*Task goal*: Please output only the lines running from the one that contains "2016 renault master" through the last line of the data below, exactly as they stand, with no pictures.

===== Task data

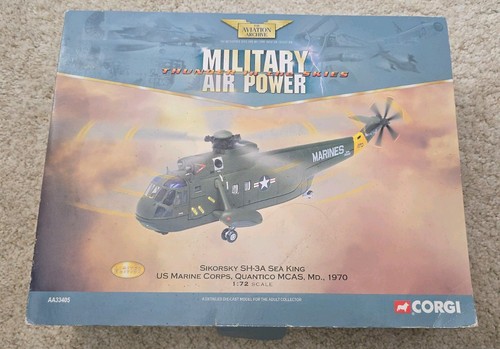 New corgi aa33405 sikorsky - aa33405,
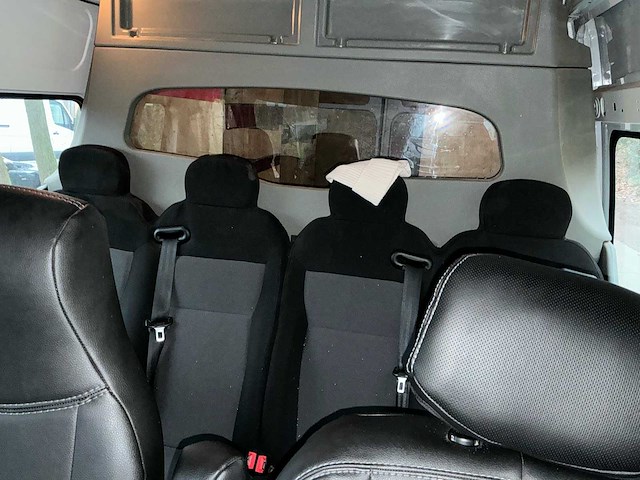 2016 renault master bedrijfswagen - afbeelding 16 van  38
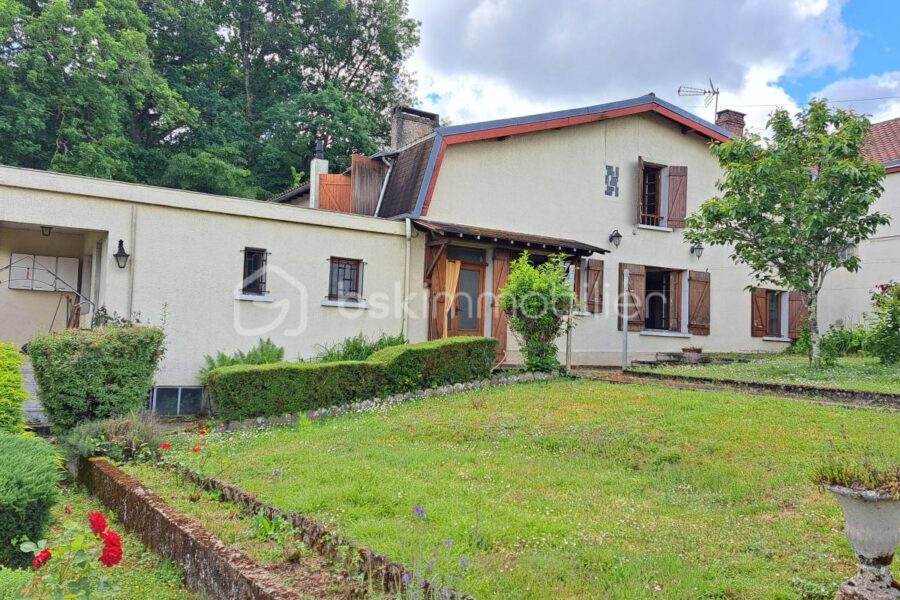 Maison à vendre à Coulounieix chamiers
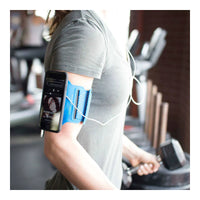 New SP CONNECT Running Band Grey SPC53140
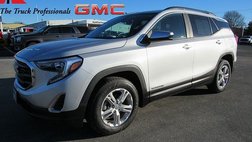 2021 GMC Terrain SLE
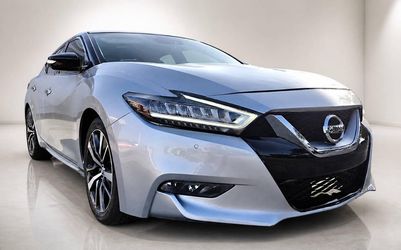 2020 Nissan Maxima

==========

*Response to the exercise*:
 2016 renault master bedrijfswagen - afbeelding 16 van  38
 Maison à vendre à Coulounieix chamiers
 New SP CONNECT Running Band Grey SPC53140
 2021 GMC Terrain SLE
 2020 Nissan Maxima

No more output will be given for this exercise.